Hexham Swamp, as well as the surrounding wetlands of the Hunter River, are wonderful. The Hexham Swamp Rehabilitation Project is one of the most significant environmental and ecological rehabilitation projects in Australia and it has been a pleasure to see the changes in the area over time. Decades ago, to assist flood mitigation and enhance agricultural areas along the river, tide gates were installed that prevented the flow of tidal waters from the Hunter River in the surrounding wetlands. The area transitioned to a freshwater-dominated environment. The area of heavily grazed and extensive areas of reeds (Phragmites australis) dominated the site. When I first visited the site, there were a few remnant mangroves, stunted at best but mostly dead. There was very little wildlife.
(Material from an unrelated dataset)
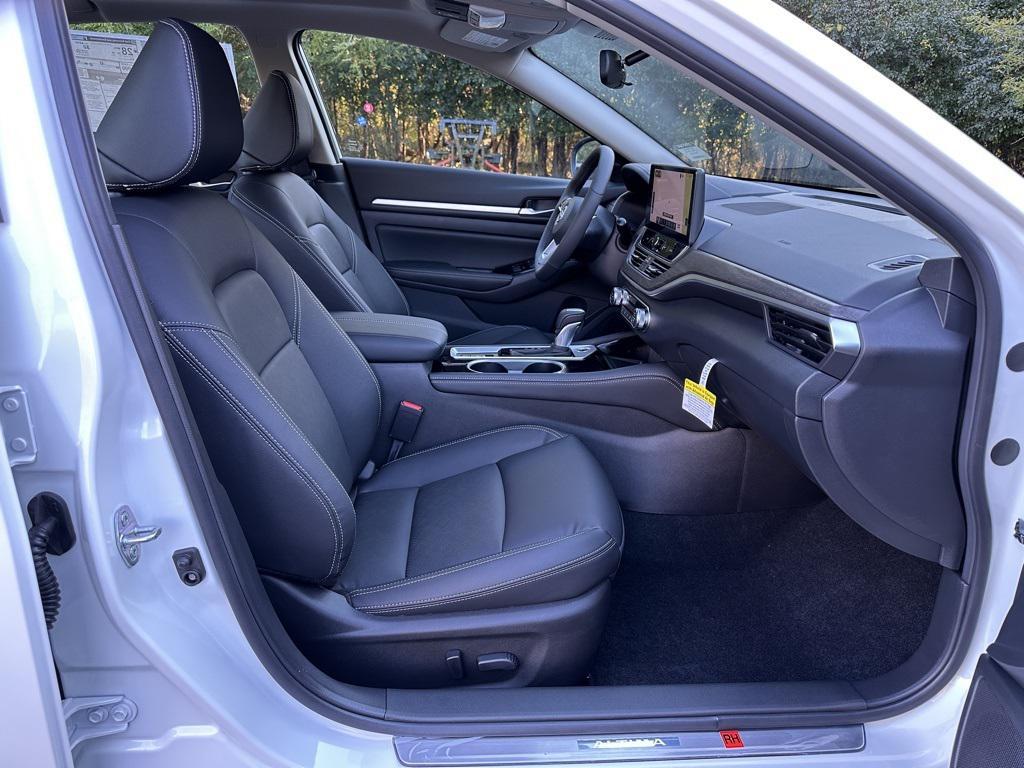 new 2025 Nissan Altima car, priced at $34,384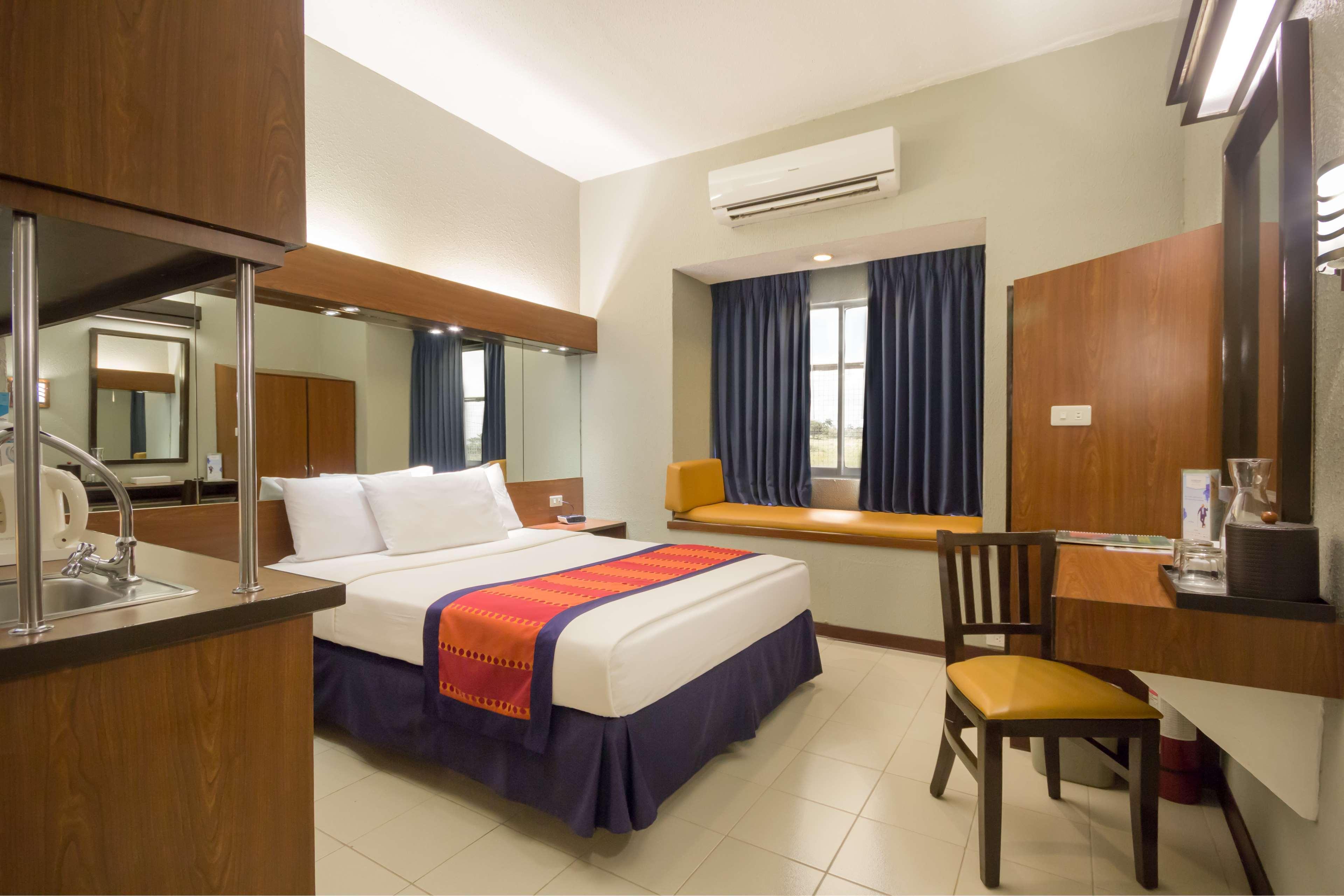 Microtel By Wyndham Eagle Ridge General Trias  Екстериор снимка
In recent decades, considerable effort has been put into restoring tidal flows to the wetlands by opening floodgates at various locations, especially Ironbark Creek, which has allowed an incredible transformation of the wetlands. It had been a few years since I’ve visited but I returned in the 2019-2020 season and it was spectacular. There are thriving saltmarsh and mangrove areas and the birdlife appears to be flourishing. Ongoing management will remain a challenge but, for now, it is wonderful and I hope in the future the area becomes more accessible to the general public.
As someone who spends so much time on our coasts and waterways, both professionally and recreationally, what is your present outlook on their futures?
I personally think the potential impacts coming to our coasts due to sea-level rise and extreme storm events aren’t fully appreciated. It would appear that the impacts of heatwaves, bushfires, and flooding is now more frequently front-of-mind for much of the community, but for coastal impacts, I’m not sure there is as strong an appreciation. There are clearly regions of Newcastle, Central Coast, and Sydney’s Northern Beaches where erosion is already significantly impacting the coastline and putting residential properties and infrastructure in danger. This is only going to continue. The subtle impacts on wetlands are probably overlooked even more so. Many of our coastal wetlands rely on subtle changes in inundation and drying and with sea-level rise, they’re staying too wet and not salty enough to maintain healthy ecosystem function. There are some wonderful coastal scientists doing work in this field but we need more, or at least more available research funding, to ensure monitoring and research continues.